Unlike the torque-laden (811 lb/ft) L-Series RR engine which made its debut in 1959, the Mulsanne itself, which to these eyes has never looked anything other than awkward, is unlikely to be greatly missed, even if it did represent an approximation of the classic (very) full-sized Bentley saloon. Spokespeople are suggesting that for the foreseeable future, the recently announced Panamera-based Flying Spur will have to deputise as “the ultimate representation of Bentley’s design, craft and engineering expertise.”
While clearly no victim of this year’s more stringent emissions changes, BMW is nevertheless bidding its mid-engine i8 performance model farewell later this year – for reasons which are perhaps known only to themselves. While the mid-engined hybrid cannot be classed a commercial success (hardly the point with a low-volume halo model such as this) it has creatively speaking, alongside its more practical i3 sibling been the most interesting and progressive design to emerge from Munich’s Forschungs und Innovationszentrum in well over a decade.
A cynic might therefore observe that the i8’s impending demise might deflect any unwelcome comparisons from being made about the current creative outpourings from Munich-Milbershofen. (We of course would never make such a scurrilous and unfounded suggestion).
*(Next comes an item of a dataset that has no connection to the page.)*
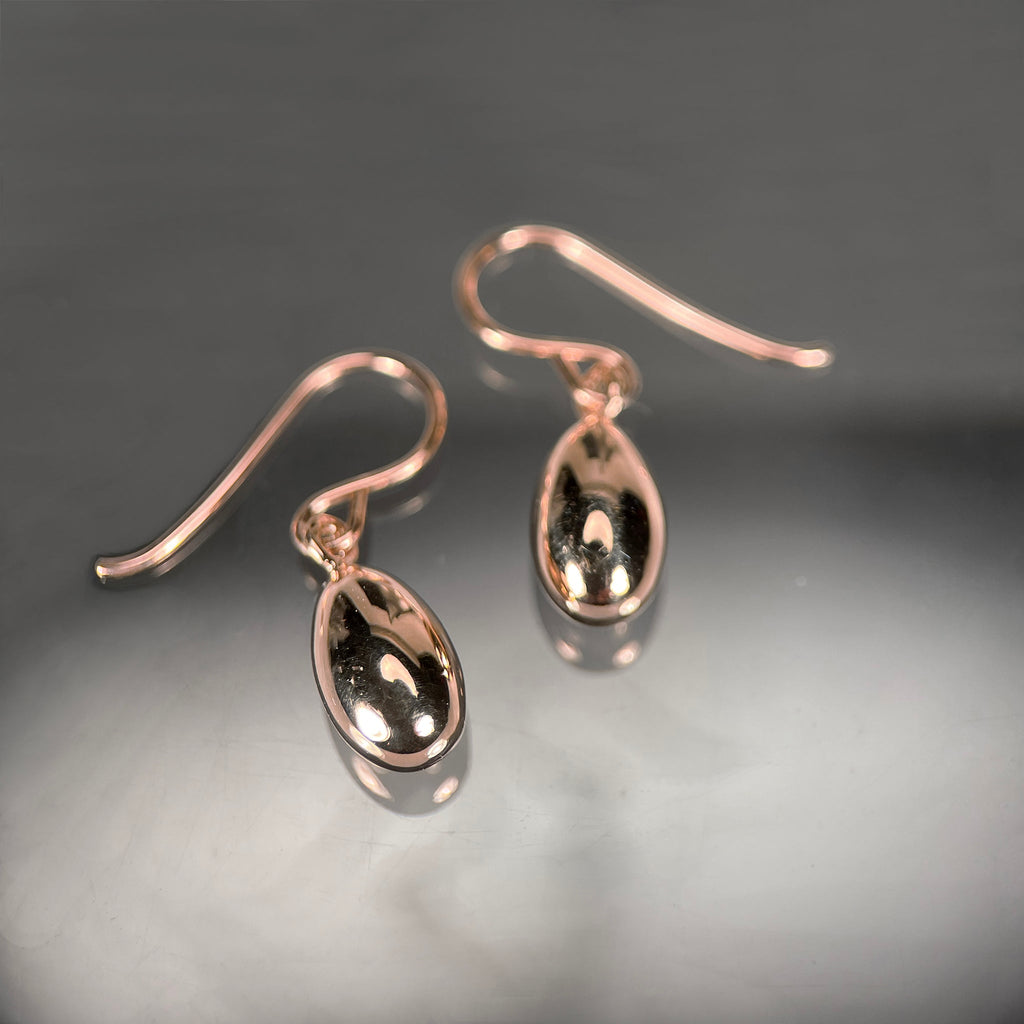 Shiny, solid, 3-dimensional egg earrings on wires, shown here in rose gold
Meanwhile, we’re reliably informed that BMW will for now concentrate their attention upon more mainstream electrified fare. But fear not dear reader, there is still much to look forward to from the Petuelring throughout 2020.
As the resurgent French carmaker prepares to become part of a much larger automotive combine, Groupe PSA has named new CEOs for brand Citroën (Vincent Cobee) and DS Automotive (Beatrice Foucher), replacing incumbents, Linda Jackson and Yves Bonnefort respectively. Both have been moved to newly created ying and yang strategic positions within the organisation – Jackson’s remit being brand differentiation across a multi-marque portfolio while Bonnefort’s will essentially be the opposite, examining potential synergies. Should make for interesting board meetings. Both newcomers hail from the unravelling Renault-Nissan alliance.
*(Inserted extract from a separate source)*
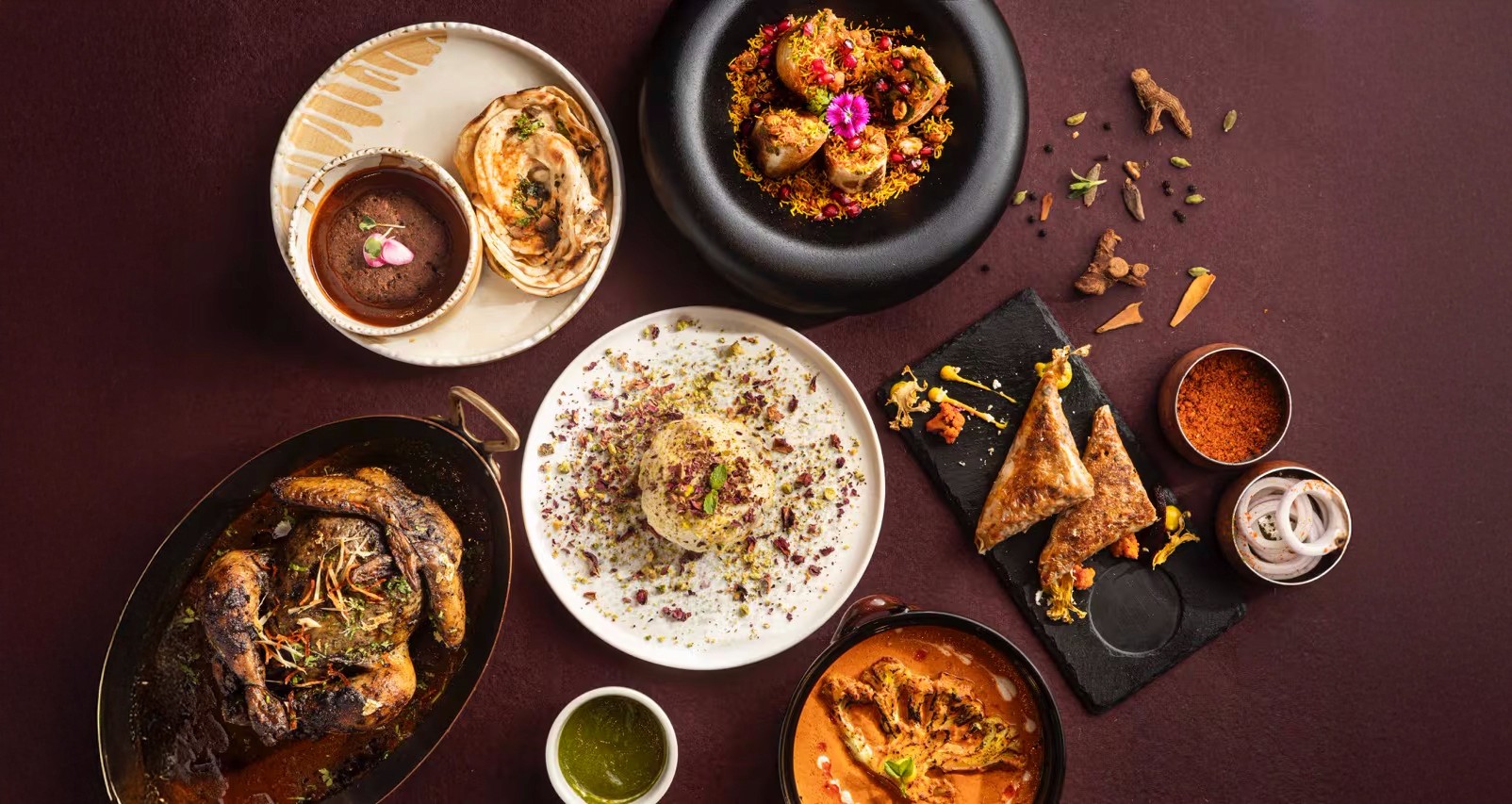 Batch.Works logo over a photo of a box of 3D printed objects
And while on the subject, Renault-Nissan have rebuffed reports this week in the wake of the Goshn Ultimatum (soon to be a major film starring Idris Elba), the embattled alliance is set to unravel. Chairman, Jean-Dominique Senard exasperatedly told reporters this week that reports of the alliance’s demise were to put it mildly, exaggerated, citing the dread words, “fake news”. Well, that’s our minds put at rest, Jean-Dom.
Having missed out (or swerved a bullet if you prefer) on a deal with FCA last year, Senard told Automotive News that once they had achieved their cost-cutting goals and stabilised the business the alliance would once more become attractive to other potential partners – presupposing there might be any. It’s meanwhile widely tipped that former Alfa Romeo and latterly Seat CEO, Luca de Meo, who has recently resigned from the VW group will shortly take over as Renault CEO. We wish him bon courage.
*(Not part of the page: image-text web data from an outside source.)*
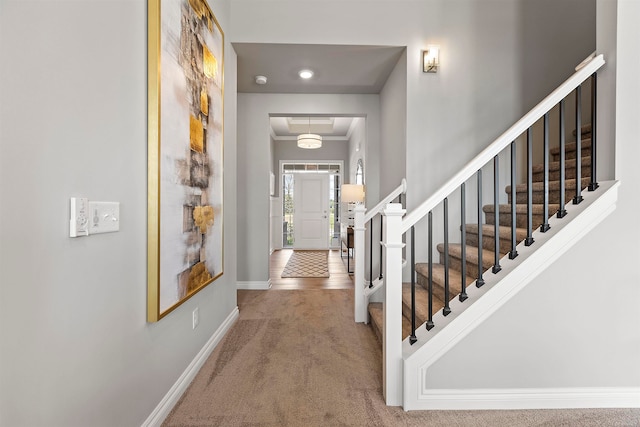 entrance foyer featuring crown molding and carpet flooring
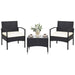 Elegant arrangement of the 3-Piece Patio Wicker Rattan Furniture Set with decorative items on the glass table, enhancing outdoor aesthetics.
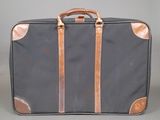 a black suitcase with a brown handle on a gray background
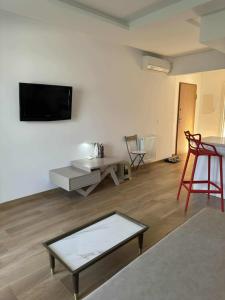 a living room with a table and a tv on a wall at New Sweet Home Soukra in Sukrah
This month has also seen Toyota mark a new awareness of their place in the pantheon, addressing their past with the introduction of the GR Heritage Parts Programme, aimed at supporting owners of older, more collectable Toyota models. Starting with the Supra model (the mid, like -80s A70 and its later A80 replacement), Toyota intends to roll out high-quality OEM parts for other Toyota models, such as the AE86 Corolla, Celica and MR2 at a later date. Smart move.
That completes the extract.